Dataset | dict[str, np.ndarray | astropy.units.Quantity]

filter(*masks)

Filter the dataset based on some criteria. See Querying Based on Column Values for more information.

Parameters:

*masks (Mask) – The masks to apply to dataset, constructed with opencosmo.col()

Returns:

dataset – The new dataset with the masks applied.

Return type:

Dataset

Raises:

ValueError – If the given refers to columns that are not in the dataset, or the would return zero rows.

rows(include_units=True, metadata_columns=[])

Iterate over the rows in the dataset. Rows are returned as a dictionary For performance, it is recommended to first select the columns you need to work with.

Parameters:
  • output (str, default = "astropy") – Whether to return values as “astropy” quantities or “numpy” scalars

  • include_units (bool)

Yields:

row (dict) – A dictionary of values for each row in the dataset with units.

Return type:

Generator[Mapping[str, float | Quantity | ndarray], None, None]

select(*columns, **derived_columns)

Create a new dataset from a subset of columns in this dataset. This function accepts wildcards. For exampe, “fof*” will select all columns that start with “fof”, while “com” will select all columns that have “com” somewhere in the middle.

You can also create new columns as part of this call, as long as they are derived from other columns in the dataset. For example:

dataset = oc.open("haloproperties.hdf5")
fof_halo_px = oc.col("fof_halo_mass")*oc.col("fof_halo_com_vx")

dataset = dataset.select("fof_halo_mass", "*com*", fof_halo_px=fof_halo_px)

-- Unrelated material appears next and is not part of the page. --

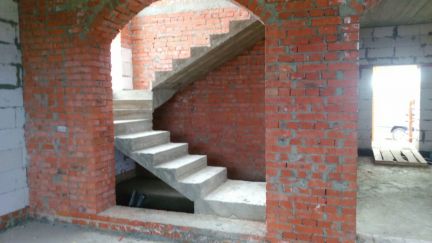 ������ ��� 9 ����� �� ��������� �-� �.�. ���������� �������� (���� �6)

This new dataset will contain the fof_halo_mass columns, all the columns with com in the center (e.g. fof_halo_com_vx) and a new fof_halo_px column.

Parameters:
  • *columns (str or list[str]) – The column or columns to select.

  • **derived_columns (DerivedColumn) – Any new derived columns that will be instantiated as part of the select

Returns:

dataset – The new dataset with only the selected columns.

Return type:

Dataset

Raises:

ValueError – If any of the given columns are not in the dataset.

drop(*columns)

Create a new dataset without the provided columns. This function accepts wildcards. For exampe, “fof*” will drop all columns that start with “fof”, while “com” will drop all columns that have “com” somewhere in the middle.

Parameters:

*columns (str or list[str]) – The columns to drop

Returns:

dataset – The new dataset without the dropped columns

Return type:

Dataset

Raises:

ValueError – If any of the provided columns are not in the dataset.

sort_by(column, invert=False)

Sort this dataset by the values in a given column. By default sorting is in ascending order (least to greatest). Pass invert = True to sort in descending order (greatest to least).

This can be used to, for example, select largest halos in a given dataset:

dataset = oc.open("haloproperties.hdf5")
dataset = dataset
            .sort_by("fof_halo_mass", invert=True)
            .take(100, at="start")
Parameters:
  • column (Optional[str]) – The column in the halo_properties or galaxy_properties dataset to order the collection by. Pass None to remove sorting.

  • invert (bool, default = False) – If False (the default), ordering will be from least to greatest. Otherwise greatest to least.

Returns:

result – A new Dataset ordered by the given column.

Return type:

Dataset

take(n, at='random', mode='local')

Create a new dataset from some number of rows from this dataset.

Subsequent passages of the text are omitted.